Decision Date18 October 1951
Docket Number8 Div. 524
Citation256 Ala. 341,54 So.2d 701
PartiesSPRY v. PRUITT.
CourtAlabama Supreme Court

Bradshaw & Barnett, Florence, for appellant.

Orlan B. Hill and Mitchell & Poellnitz, all of Florence, for appellee.

LAWSON, Justice.

This is a controversy over the amount of rent due by Tom Pruitt to S. L. Spry for farm land situate in Lauderdale County, which Spry leased to Pruitt for the crop year 1947 and which land was cultivated by Pruitt.

The following written contract was entered into by the parties:

'State of Alabama

County of Lauderdale

'This contract made and entered into at Rogersville, Alabama this 28th day of October 1946. By and between S. L. Spry, party of the first part and Tom Pruitt, Party of the second part.

'Witnesseth:

'That for and in consideration of the mutual covenants of the parties hereto, they do contract as follows; The party of the first part does hereby lease to the party of the second party that track or lot of land situated in Lauderdale County, State of Alabama known and described as part of the P. H. Perry farm and the M. M. Striplin farm and farther described and known by the A.A.A. program as farm No. B.96.

'The party of the first party leases said track of land as above stated and a plott or drawing hereto attached and signed by both parties, said plott or drawing becomes a part of this contract. The party of the first part does hereby lease said plott of land to the party of the second party for the sum of Thirty-five (35) bales of cotton, ginned cotton bales averaging five hundred (500) pounds per bale and said cotton being the first cotton gathered or picked on said land also cotton seed out of 17 1/2 bales of cotton, seed to be left at gin by the party of the second party. Party of the second party to notify party of the first party when and where to take possession of cotton and seed as it is being gathered in the year 1947.

'Signed party of first party

S. L. Spry

S. L. Spry

'Signed party second party

Tom Pruitt

Tom Pruitt'

Attached to the contract is a plat or rough sketch wherein the leased land is enclosed within a red border, but there are no dimensions shown.

On April 14, 1948, Tom Pruitt filed this suit against S. L. Spry in the circuit court of Lauderdale County, in equity.

After alleging the execution of the contract above set out, complainant averred that respondent Spry represented the land rented to him to be 200 acres. Complainant then alleges that after the execution of said contract, it became apparent to the parties that said contract resulted from a misunderstanding and mutual mistake and the misrepresentation on the part of respondent as to the area of the tract of land, and that as a result of conplainant's 'denouncement of said contract on the basis of such mutual mistake and misrepresentation an oral contract was made between the parties which in substance was a modification of the terms of said signed paper writing.' As to this alleged oral contract, the bill alleges: 'By the terms of said new agreement it was understood between the parties that complainant would make a crop on the premises specified in said paper writing and would pay to defendant as rental an amount of cotton seed properly proportioned according to the actual area of the lands in possession of complainant for farming purposes which was so delivered by defendant; the rent to be proportioned against the actual area later to be determined as compared with the rent named in said writing for a tract of 200 acres.'

The bill further alleges, in substance, that complainant proceeded to cultivate the lands during the crop year 1947, and has had the land accurately surveyed by a competent surveyor and the number of acres in the plot was found to be a fraction less than 100.

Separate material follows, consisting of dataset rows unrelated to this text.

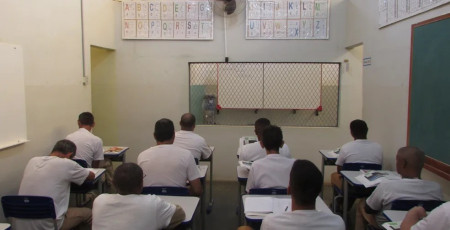 NÃºmero de presos que procuram alfabetizaÃ§Ã£o cresce mais de 55% na regiÃ£o de Presidente Prudente no intervalo de um ano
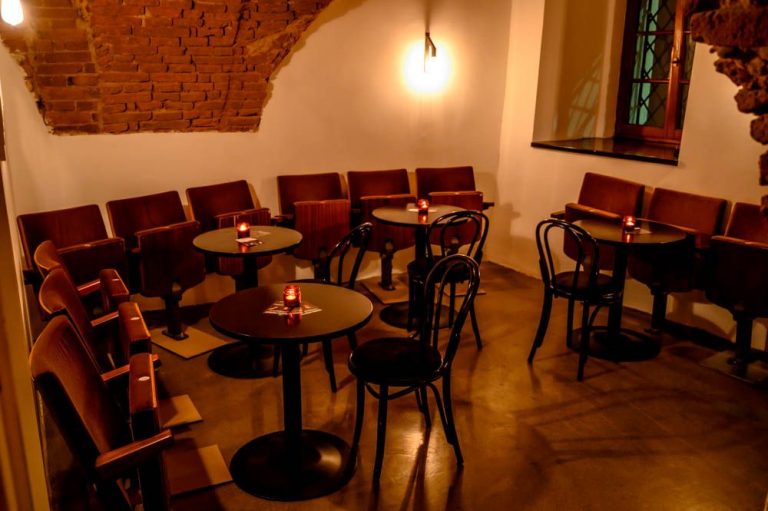 Nem tudta eltartani a családját, kinyitotta a kávézóját, azonnal bezáratták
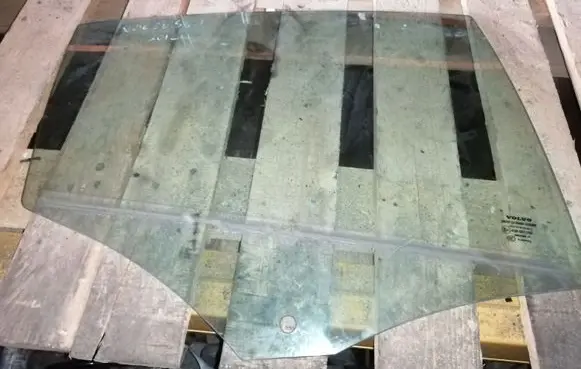 Volvo S60 Rear door window glass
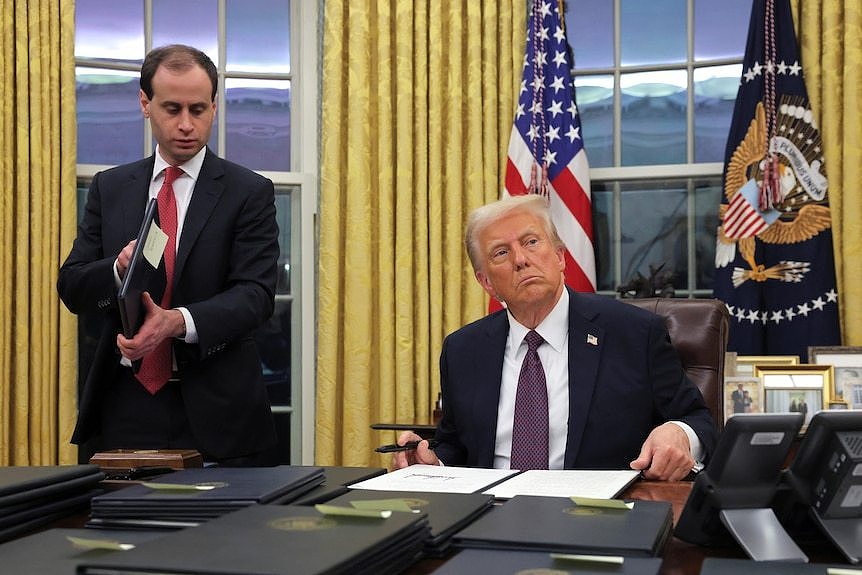 Trump signing oval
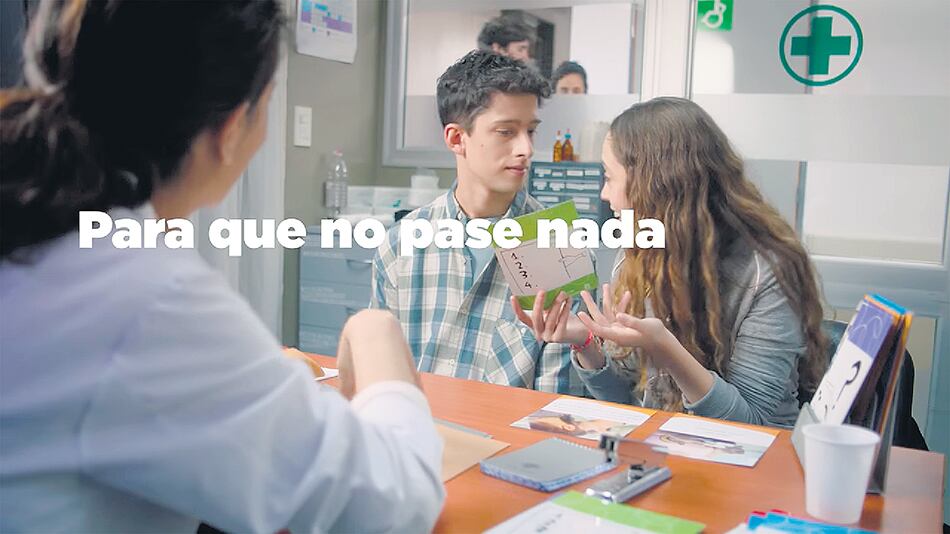 En los spots, los únicos que deciden qué debe hacerse y cuándo son los varones.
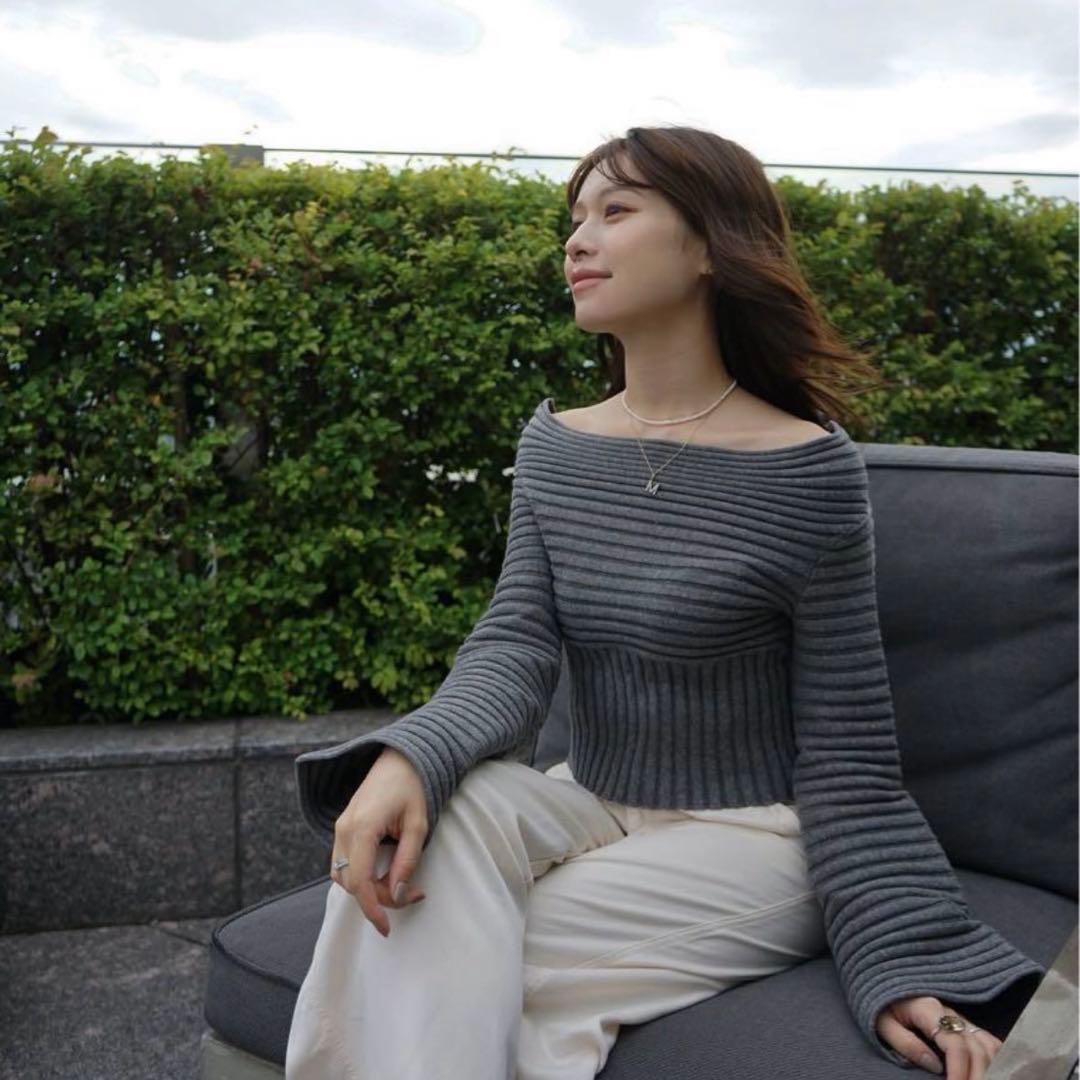 laubeblanc Off shoulder Panel knit topsの通販はau PAY マーケット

It is alleged in the bill that there is a justiciable controversy between complainant and defendant with respect to the contract between the parties and the amount of rental due at that time, in that defendant denies there was any agreement other than the written contract.

The bill further alleges that on April 13, 1948, complainant tendered to respondent warehouse receipts for stored cotton and an order for cottonseed which was also stored, together with the sum of $30.97, all of which make up the amount of rental actually owing by complainant to respondent. Upon the filing of the bill of complaint, complainant tendered into court the said warehouse receipts and order for cottonseed and the money, to be taken and accepted by respondent in full settlement and satisfaction of any and all demands by respondent against complainant on account of rent of said lands.

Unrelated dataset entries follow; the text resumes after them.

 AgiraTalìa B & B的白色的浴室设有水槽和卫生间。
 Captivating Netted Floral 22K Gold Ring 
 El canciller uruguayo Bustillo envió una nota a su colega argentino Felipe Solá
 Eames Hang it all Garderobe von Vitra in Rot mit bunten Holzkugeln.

The bill, as amended, prayed: (1) '* * * that the court will declare and determine that the true contract between the parties for the rental of lands for the year 1947 involves the payment by complainant to defendant of rent according to the area of the land actually rented and delivered by defendant to complainant and in proportion as the amount of such area shall bear to an area of 200 acres, the amount of rent to be related to the actual area as specified in this bill'; (2) 'that the court will ascertain and declare that the tenders heretofore made by complainant to defendant and now made with the Register of this Court are an actual and complete compliance with his duty and liability under his said rental contract with S. L. Spry'; (3) 'that the actual measurement of the lands so rented to complainant by defendant constitutes 99.7 acres'; (4) 'that the court will ascertain and declare by decree what rental is owed by complainant to defendant for the use in the year 1947 of the lands described in the bill.' The bill also prayed for general relief.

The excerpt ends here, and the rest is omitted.